§ **What you need to do**
When you retype the data, keep every word exactly and include none of the pictures.

§ **Data provided**
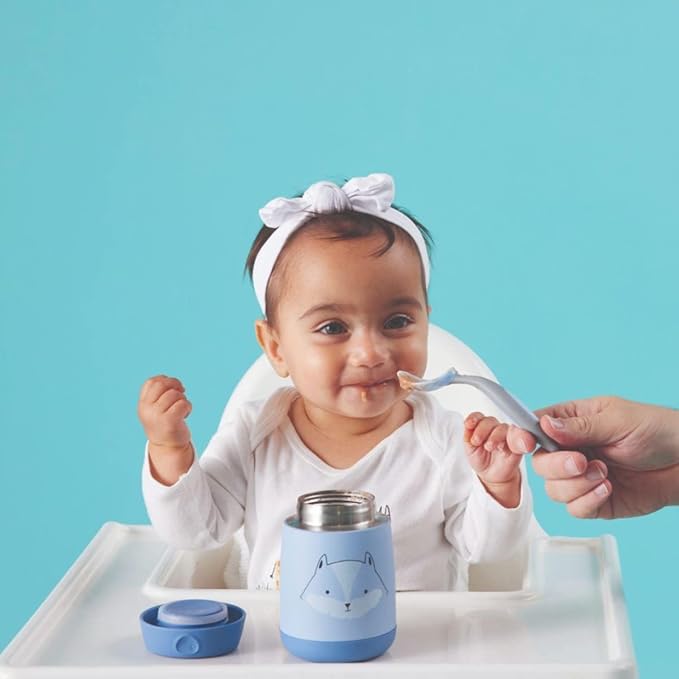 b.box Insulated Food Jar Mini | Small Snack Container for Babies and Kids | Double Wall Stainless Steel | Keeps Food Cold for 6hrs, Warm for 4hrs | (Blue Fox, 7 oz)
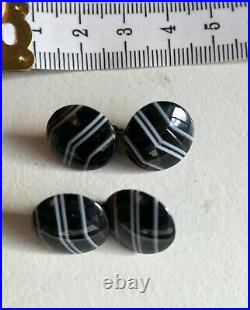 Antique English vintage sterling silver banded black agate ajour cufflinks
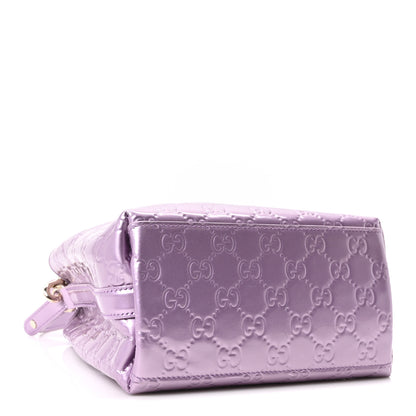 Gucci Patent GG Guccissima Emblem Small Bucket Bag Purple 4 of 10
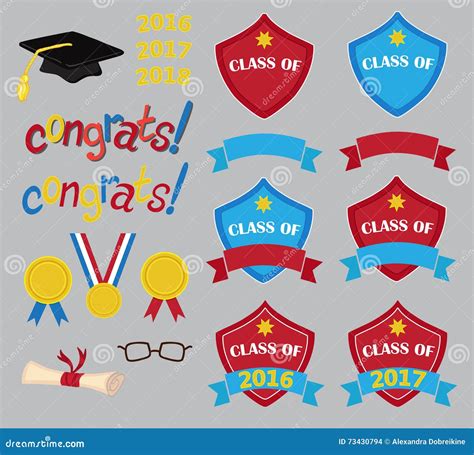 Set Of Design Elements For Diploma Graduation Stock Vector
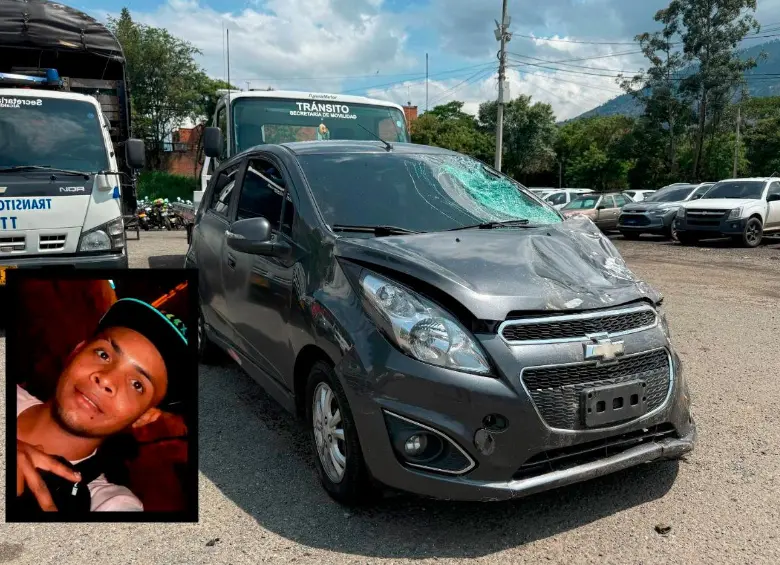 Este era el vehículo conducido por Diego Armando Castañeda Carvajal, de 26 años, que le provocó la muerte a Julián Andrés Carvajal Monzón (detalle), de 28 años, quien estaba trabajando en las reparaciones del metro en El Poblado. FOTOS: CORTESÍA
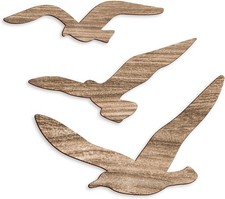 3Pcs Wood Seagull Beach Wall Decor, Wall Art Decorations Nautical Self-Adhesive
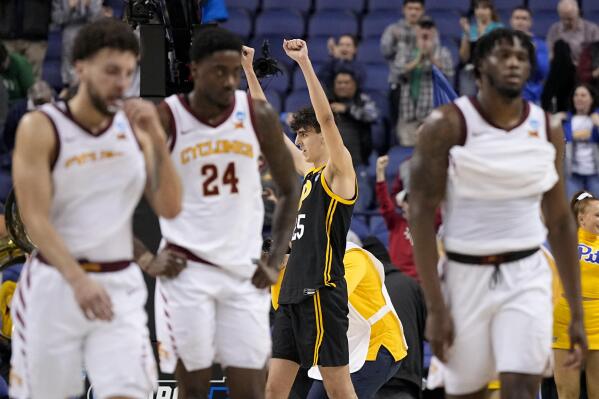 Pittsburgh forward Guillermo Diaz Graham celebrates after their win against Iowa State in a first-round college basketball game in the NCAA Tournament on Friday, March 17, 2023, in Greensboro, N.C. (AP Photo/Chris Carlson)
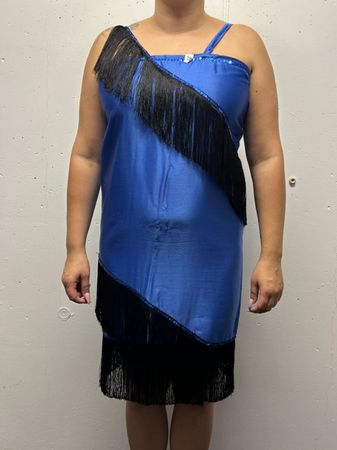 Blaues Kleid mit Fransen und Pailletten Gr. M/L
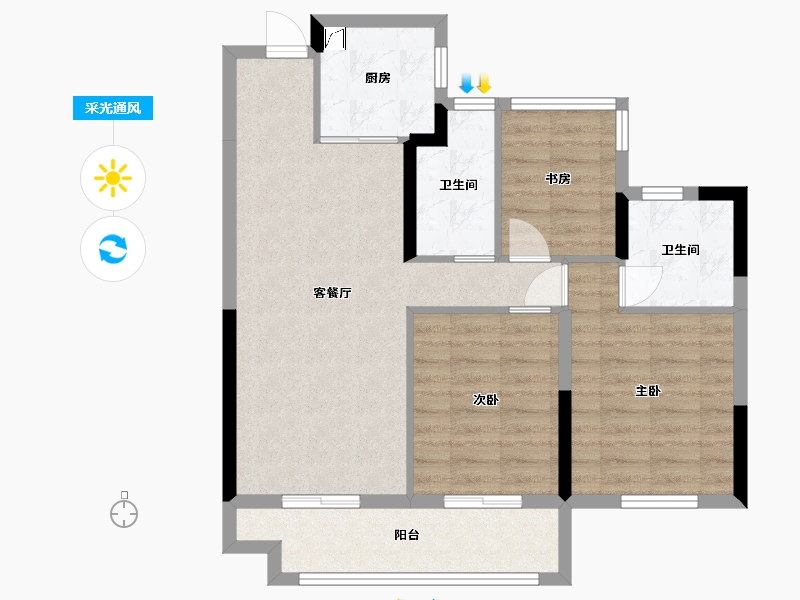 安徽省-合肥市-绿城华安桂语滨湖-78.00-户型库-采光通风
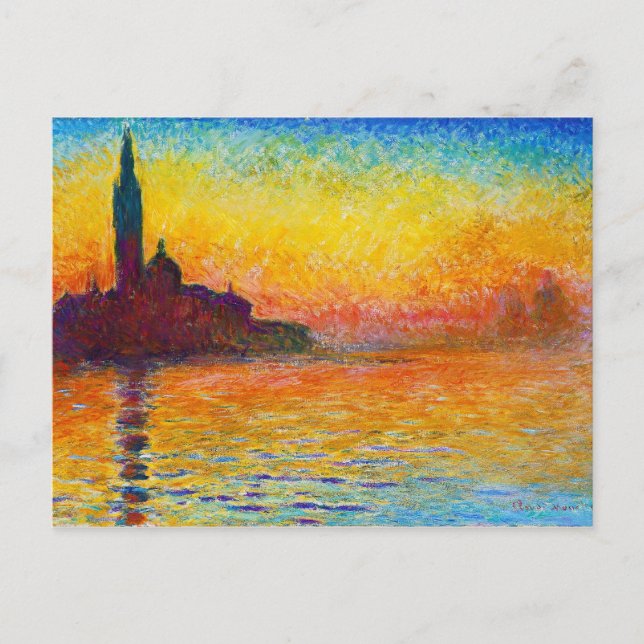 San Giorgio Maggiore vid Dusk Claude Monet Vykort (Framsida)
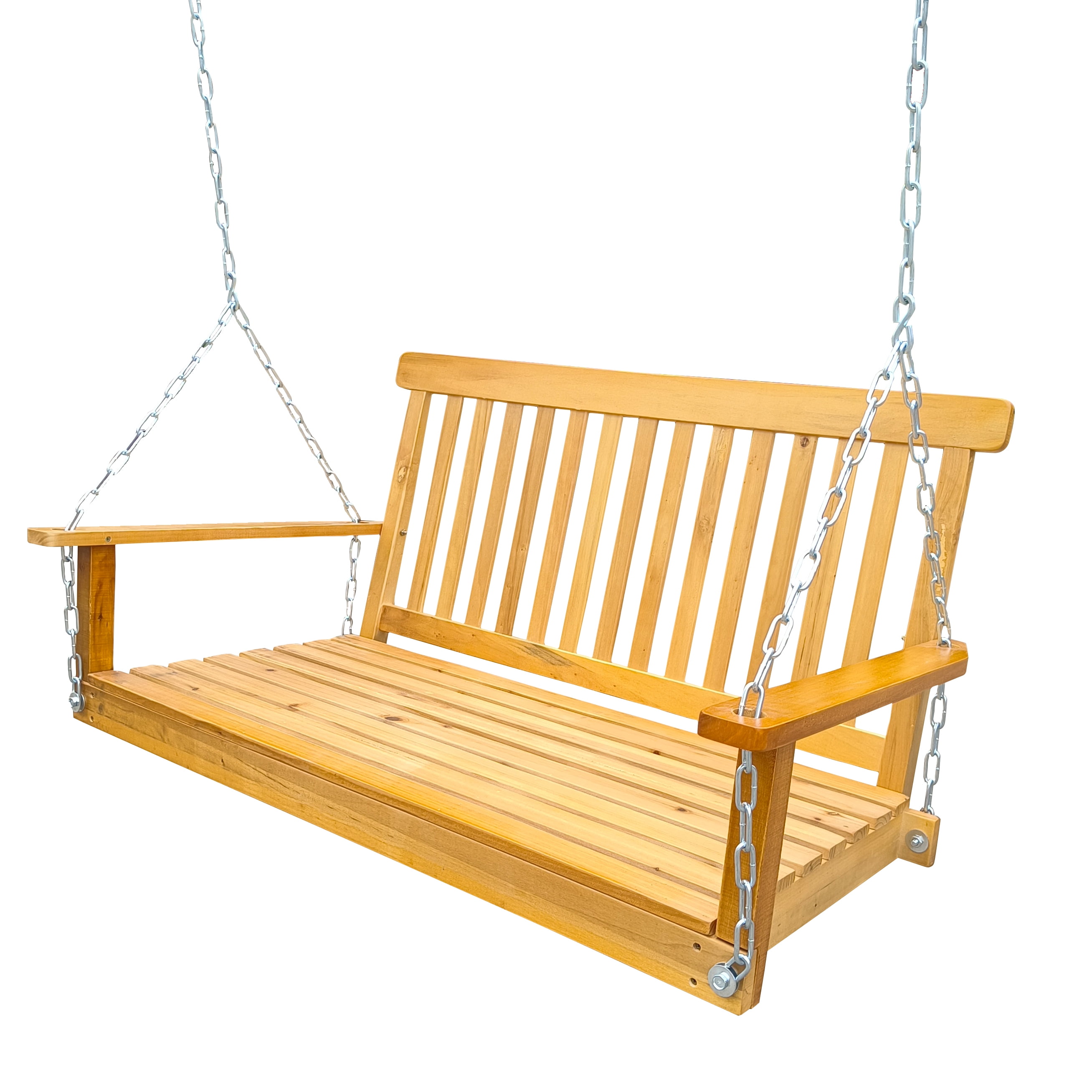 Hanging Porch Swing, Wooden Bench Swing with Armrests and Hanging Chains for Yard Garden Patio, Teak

§ **Result below**
 b.box Insulated Food Jar Mini | Small Snack Container for Babies and Kids | Double Wall Stainless Steel | Keeps Food Cold for 6hrs, Warm for 4hrs | (Blue Fox, 7 oz)
 Antique English vintage sterling silver banded black agate ajour cufflinks
 Gucci Patent GG Guccissima Emblem Small Bucket Bag Purple 4 of 10
 Set Of Design Elements For Diploma Graduation Stock Vector
 Este era el vehículo conducido por Diego Armando Castañeda Carvajal, de 26 años, que le provocó la muerte a Julián Andrés Carvajal Monzón (detalle), de 28 años, quien estaba trabajando en las reparaciones del metro en El Poblado. FOTOS: CORTESÍA
 3Pcs Wood Seagull Beach Wall Decor, Wall Art Decorations Nautical Self-Adhesive
 Pittsburgh forward Guillermo Diaz Graham celebrates after their win against Iowa State in a first-round college basketball game in the NCAA Tournament on Friday, March 17, 2023, in Greensboro, N.C. (AP Photo/Chris Carlson)
 Blaues Kleid mit Fransen und Pailletten Gr. M/L
 安徽省-合肥市-绿城华安桂语滨湖-78.00-户型库-采光通风
 San Giorgio Maggiore vid Dusk Claude Monet Vykort (Framsida)
 Hanging Porch Swing, Wooden Bench Swing with Armrests and Hanging Chains for Yard Garden Patio, Teak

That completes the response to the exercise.